» Problem to work on
What you return should be only the lines in the entries below between the one holding "Radcliffe Parish Church, graveyard 2013" and the one holding "Front View - Click", ends included, with every picture left out.

» Dataset excerpts

══════════════════════════════

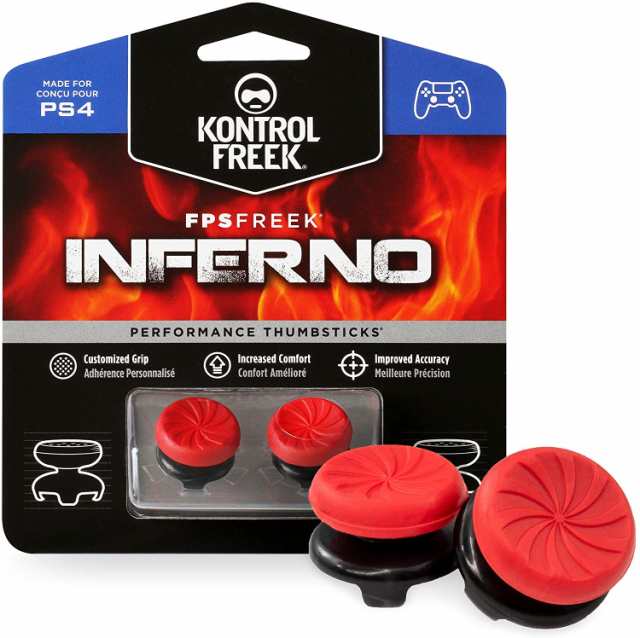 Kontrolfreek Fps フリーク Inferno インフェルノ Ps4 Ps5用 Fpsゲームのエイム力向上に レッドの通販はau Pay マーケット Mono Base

══════════════════════════════

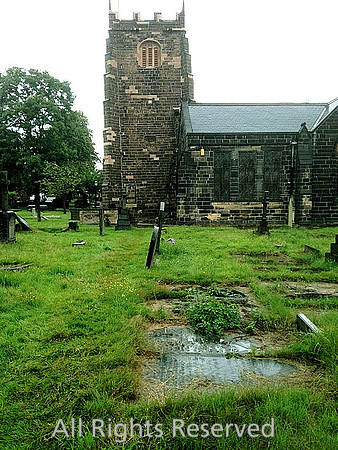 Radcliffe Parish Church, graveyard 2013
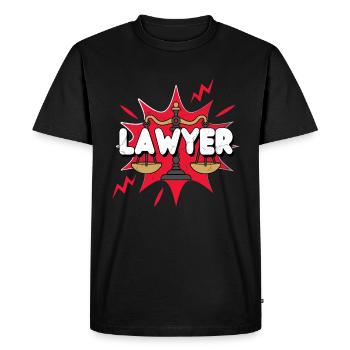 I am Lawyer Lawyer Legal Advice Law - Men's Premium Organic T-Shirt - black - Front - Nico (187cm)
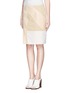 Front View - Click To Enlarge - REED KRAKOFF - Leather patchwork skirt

══════════════════════════════

» Problem solution
 Radcliffe Parish Church, graveyard 2013
 I am Lawyer Lawyer Legal Advice Law - Men's Premium Organic T-Shirt - black - Front - Nico (187cm)
 Front View - Click To Enlarge - REED KRAKOFF - Leather patchwork skirt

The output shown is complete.